By the nature of things only a few adults had cars or access to cars and the meets were arranged to take members by coach, once a month, usually to the Lake District. Places on the 35-seater coach had to be booked in advance by filling in a form and sending it in with a Postal Order (!) There was usually strong competition for places. The coach was supposed to leave Market District Boys Club (just off Marsh Lane) at half past nine on the Saturday morning but it was usually later than that because of habitual latecomers. It would lurch into the Sunset cafe in Ingleton about lunchtime and eventually arrive in the Lakes in the early afternoon. Once the tents were up, there was just time for a route on a valley crag or a short walk. We left at three o’clock on the Sunday, more often than not, arriving back hoarse after a prolonged sing-song. One of the adult members had been at Edinburgh University and the E U Mountaineering Club Song Book was a highly-prized and much thumbed document.

The coach provided the means of getting on meets and an enviable camaraderie in the days when most members were too young to go into pubs. It had its down side, though, particularly in respect of access. The narrow bridge at Seatoller was not negotiable by coach and, for the frequent meets at Seathwaite, we had to walk along the road carrying all our tents, food, stoves and climbing gear before camping at the foot of Sourmilk Ghyll. On Patterdale meets, we would have to walk similarly encumbered up the steep twisty road at the start of Grisedale to camp near the river where, nowadays, not even parking is allowed.


As the club developed, sets of opposing cliques began to form. There were those old enough to go into pubs (and those who went in anyway) versus those who didn’t and thought that an evening round the campfire should be encouraged. There were the climbers versus the walkers arguing about where meets should be held to favour their own particular interest. There were those who supported one group of adult leaders versus those who favoured another adult group. There were those who could get (cheaper) lifts in cars, thereby making it more expensive for those who had to use the coach.

The results of the in-fighting were reductions in the numbers of members so that a coach was no longer viable anyway. Transport to meets was by cramming into whatever dilapidated vans and cars were available. I remember a particularly interesting journey to a Llanberis camping meet one Whit as pillion passenger on a Honda 50 long before the M62 was thought of!

Decline and Rebirth

1965 saw the terminal decline of the LYMC, at the committee meeting on 14th March, 1965, it was felt that LYMC had become unviable. It had a membership of only 30, (a third of them on the committee) and an unwieldy constitution, due in part to the internal politics mentioned earlier. An Extraordinary Annual General Meeting was arranged for Friday, 21st May at Salem Congregational Church to ratify the committee’s decision to dissolve the club.

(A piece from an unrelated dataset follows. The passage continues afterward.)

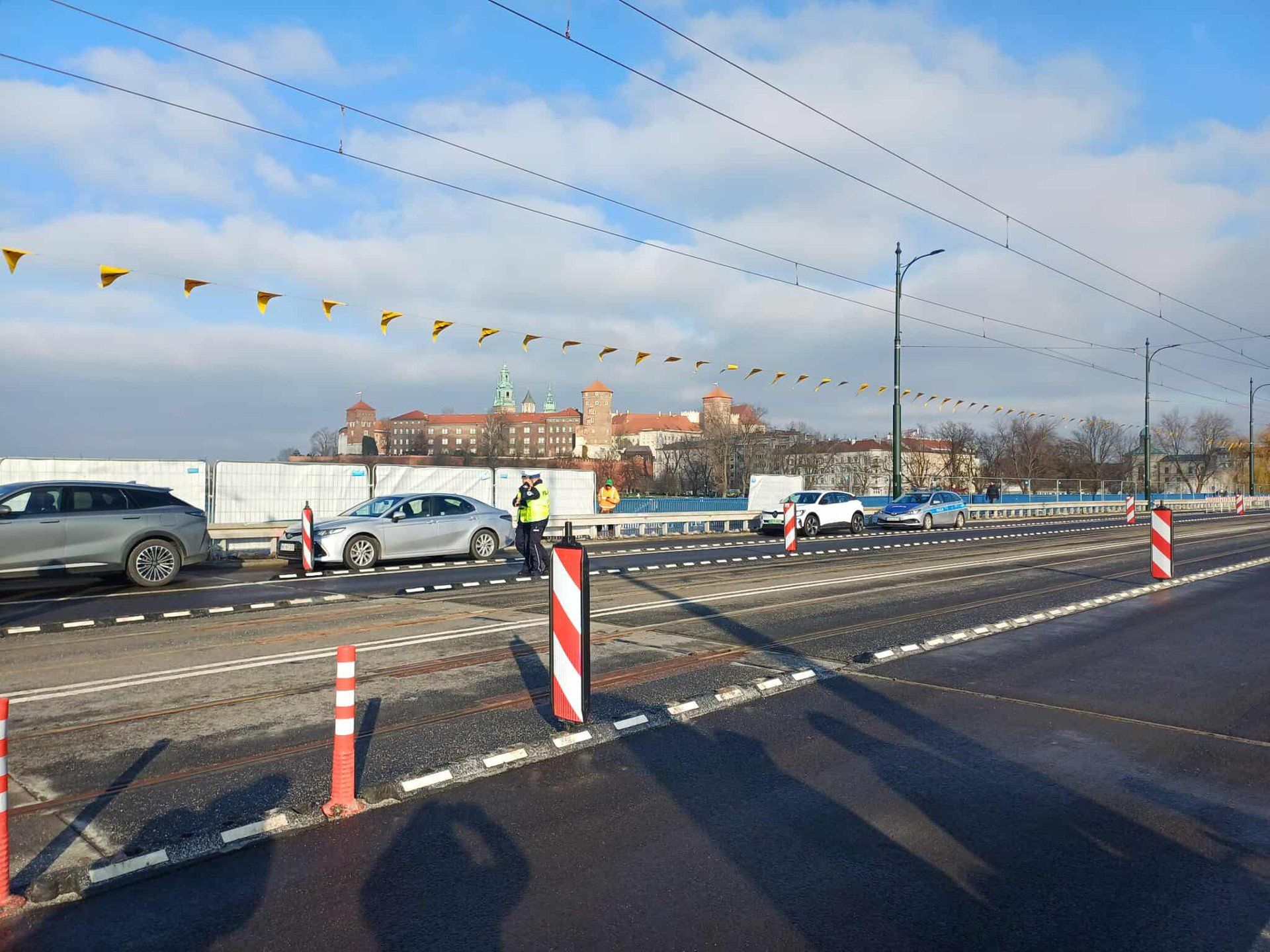 W piątek w południe otwarto most Grunwaldzki dla kierowców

The EGM had the good sense to defeat the motion to dissolve the club. Instead, it suspended the constitution and elected a Chairman with a committee of six with a mandate to put the club’s affairs on a satisfactory footing. After a few weeks of frenetic activity, the name of the club was changed to Leeds Mountaineering Club and a new constitution emerged - this has remained remarkably unchanged to the present day - acknowledging that most of the members were adult anyway and setting the scene for development and advance.

One of the most far-sighted innovations was to organise social events on the 1st and 3rd Tuesdays of each month at the Victorian bar of the Royal Hotel, Lower Briggate. The first of these was on Tuesday 15th June 1965.

Meets were arranged for Horton-in-Ribblesdale for June 26th, Arncliffe for July 24th and North Wales for October 1st, 2nd and 3rd. Subscriptions were set at 10/-d for over 18’s and 7/6d for under 18’s.

The October 1965 Newsletter reported, amongst more interesting matters, that Paul Exley (one of the original six committee members) had been elected as Honorary Secretary. The only other members of that time who are still around are Chris Sowden and Richard Tolley.